Wheat harvest is going on around the world. Kim Anderson, a grain market economist with Oklahoma State University, talks about harvest progress.
“We’ve got about a 29.2-billion-bushel world crop being harvested and 1.73 billion here in the United States. We’ve harvested about 80 percent of that world wheat crop and the majority of the U.S. wheat crop. Look at when wheat is harvested, the harvest starts in probably mid-to-late March in India, Pakistan, North Africa, and that area. By the time we get to June one, we’ve harvested 25 percent of the world’s wheat crop. That’s mostly importing wheat countries rather than exporting countries.”
Anderson talks about wheat harvest through the rest of the 2023 calendar.

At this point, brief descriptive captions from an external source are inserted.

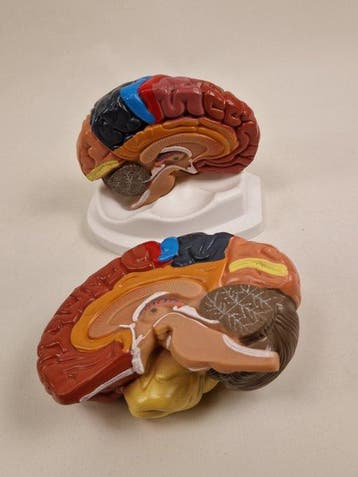 Anatomisch model - kunststof - 1980-1990 - Menselijke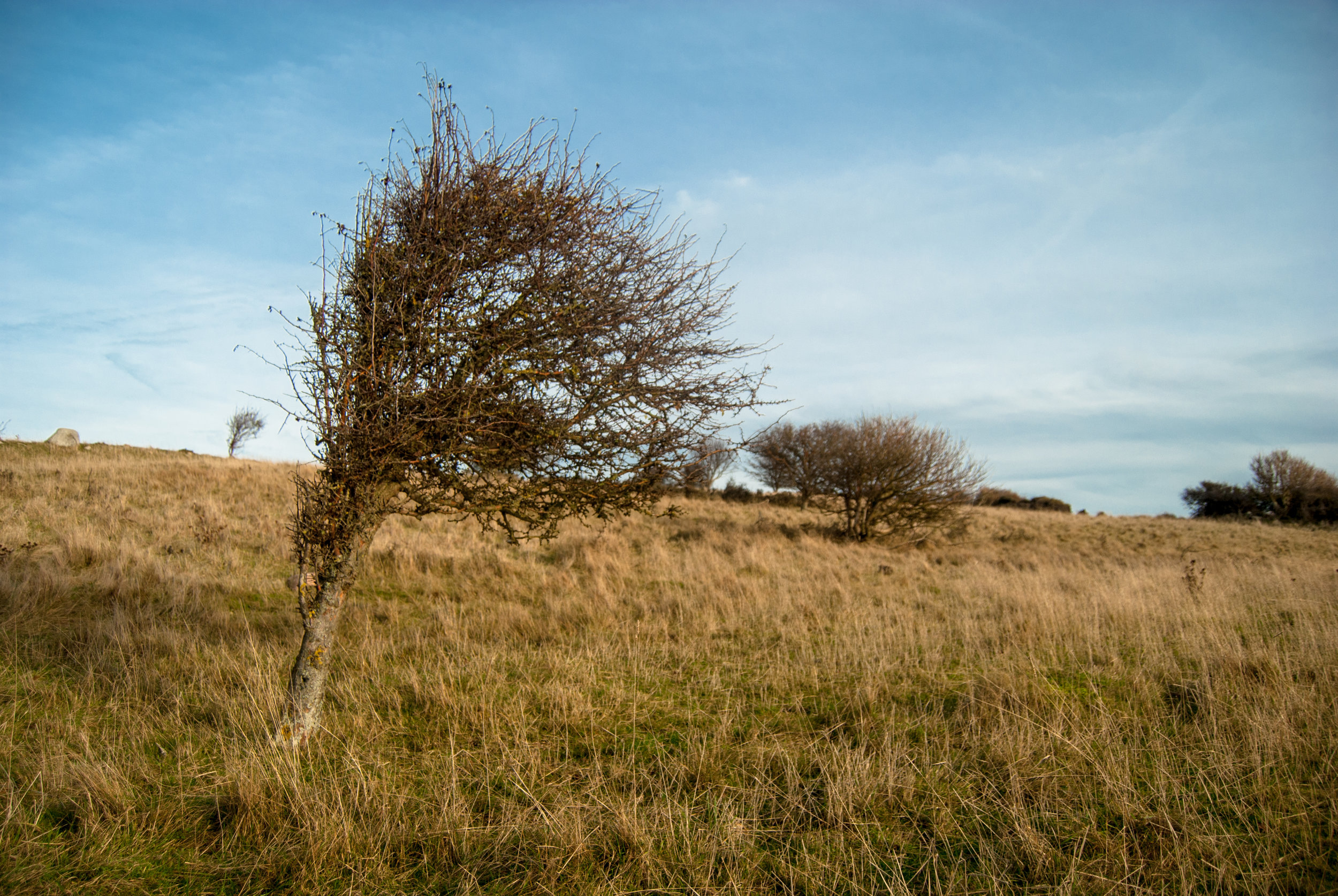 Although I love this picture on the basis of that tree being awesome, I wish I could have taken it one more time in order to compose it better. Running with a camera can be difficult, especially if you get to a nice scene and you're not sure how to frame the image. This is what happened here. i took three shots, but never really had time to find the perfect spot for an ultimate composition. It's still one of my favorite pictures of 2016 though. Nikon D200.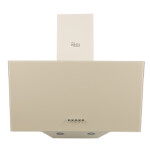 Каминная вытяжка Oasis NP-60I (FR)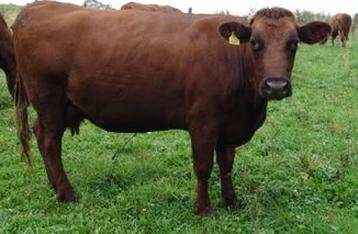 Ilustracja do pytania 35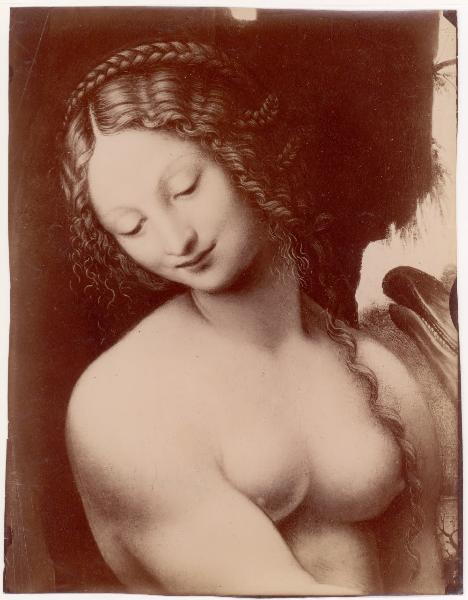 Dipinto - Leda e il cigno - Particolare - Anonimo da Leonardo da Vinci - Firenze - Galleria degli Uffizi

“Then you’ve got a big, relatively large harvest in June, July, and August. When we get to September, we’ve got about 80 percent of the 2023 crop harvested, and it goes on out to the southern hemisphere right now. All that we have left is spring wheat in the northern hemisphere. We’ll move to Argentina and Australia and Southern Africa somewhere in late October, and it’ll go through October, November, and December.”
The world’s corn harvest is making solid progress, too.

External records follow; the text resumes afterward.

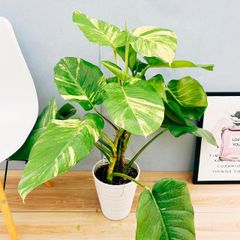 ［現品］【希少】41番　ポトス　グランデ　7号　観葉植物　室内　大型　育てやすい　斑入り　珍しい　レア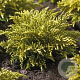 Hebe ochracea 'James Stirling' 25-30 cm 2,0L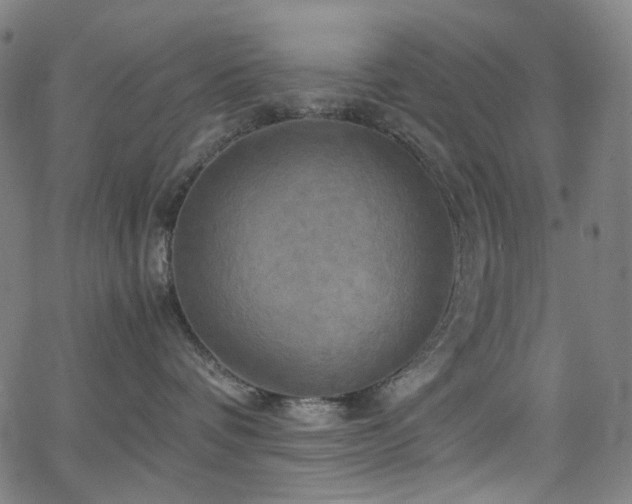 X0000066110336200603101212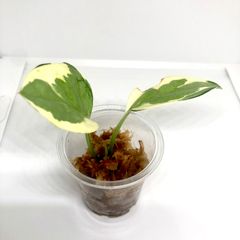 ユッカ 　根＆新芽付き ユッカ 根＆新芽付き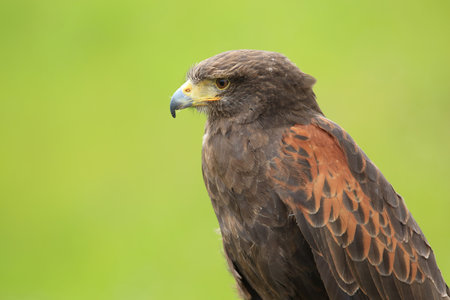 Bird of prey Harris's Hawk (Parabuteo unicinctus)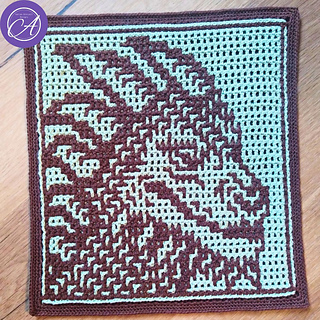 Interlocking crochet sample by Maja Serec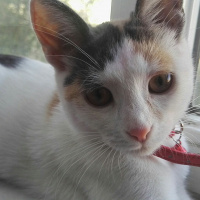 Tekir Kedi, Kedi  Kontes fotoğrafı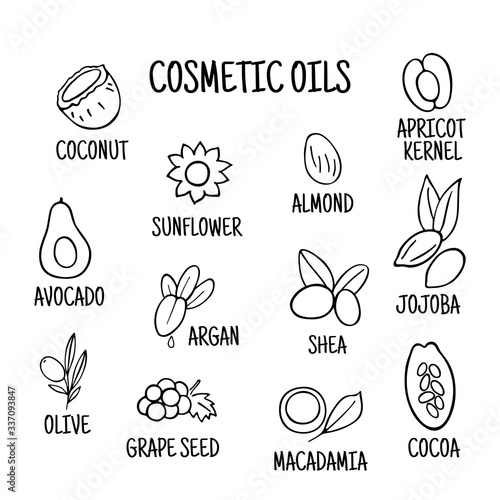 Cosmetic oils. Nuts from which squeeze oils. Nourishing oils for skin beauty. Vector icons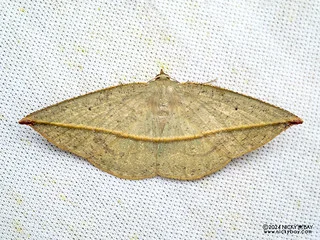 Geometer moth (cf. Polyscia viridispurca) - P3092351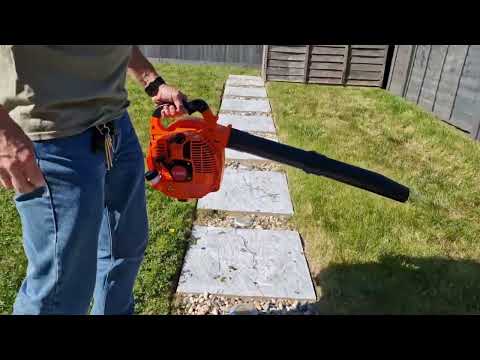 Ebay Leaf Blower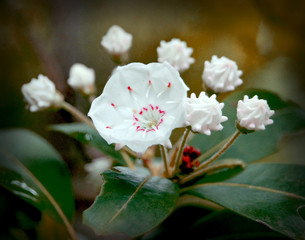 Wild Mountain Laurel Blooms in a Kentucky forest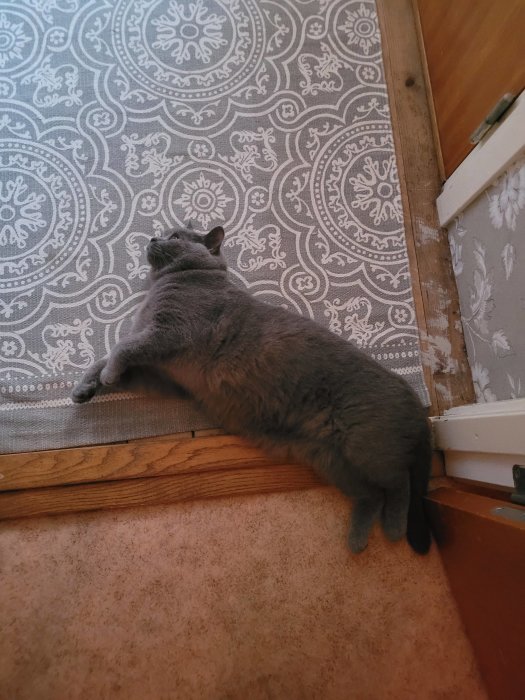Grå katt slappar på golvet nära dörrtröskeln, mönstrad matta, trä och beige heltäckningsmatta.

“The world is looking at harvesting a record 47.8 billion bushels. The United States, a record 15.1 billion bushels. You look at U.S. ending stocks somewhere around 2.2 billion. The average is almost 1.7, something like that. But if you look at soybeans, the world’s looking at a record 14.8-billion-bushel harvest, but the U.S. harvest is around an average of 4.2 billion. Ending stocks will be a record for the world of 4.4 billion, and the United States, 245 million bushels, so tight stocks in the United States.”